Par la suite, le ministre O’Regan a demandé au CCRI d’imposer de « l’arbitrage contraignant » sur les parties, quelques heures seulement après le déclenchement d’abord d’un lock-out de la partie patronale auquel les Teamsters ont répliqué par une grève des chemins de fer le 22 août 2024. Cette manœuvre a fait en sorte que la grève soit suspendue pendant la durée de l’arbitrage, et a réduit le pouvoir de négociation du syndicat, qui doit accepter la décision de l’arbitre pour la nouvelle convention collective, plutôt que la négocier librement. Mais de façon encore plus grave, le patronat et le gouvernement ont foré une équipe de choc, car le but du lock-out était, dès le départ, d’impliquer le gouvernement le plus rapidement possible, soit après
Encore une fois, le syndicat conteste la légalité de cette imposition.

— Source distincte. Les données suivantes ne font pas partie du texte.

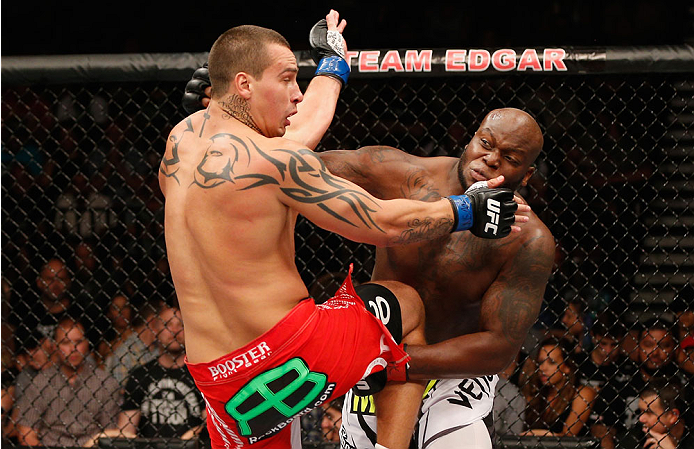 LAS VEGAS, NV - JULY 06: (R-L) Derrick Lewis punches Guto Inocente in their heavyweight fight during the Ultimate Fighter Finale inside the Mandalay Bay Events Center on July 6, 2014 in Las Vegas, Nevada. (Photo by Josh Hedges/Zuffa LLC/Zuffa LLC via Ge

Mais entre temps, le mal est fait et l’objectif recherché par les employeurs – l’affaiblissement du rapport de force des travailleurs – est atteint.
En effet, dans les deux cas, il ne s’agit pas, du moins théoriquement, de bloquer les négociations, mas d’amoindrir le rapport de forces et d’annuler tout impact négatif pour la partie patronale. Pourtant, lorsqu’il s’agit d’un lock-out comme au Port de Québec, l’État se garde bien d’intervenir même si les impacts économiques se font sentir sur des centaines de débardeurs depuis plus de deux ans…
Ce simple constat mérite réflexion. Il nous prouve que l’adage dura lex sed lex ne s’applique pas de façon universelle, mais est également transcendé par la lutte des classes. En fait, toute avancée en matière de droit du travail n’a jamais été le produit de faits de jurisprudence ni de largesses du Législateur, mais bien des luttes ouvrières et du rapport de forces capables d’imposer des reculs au patronat.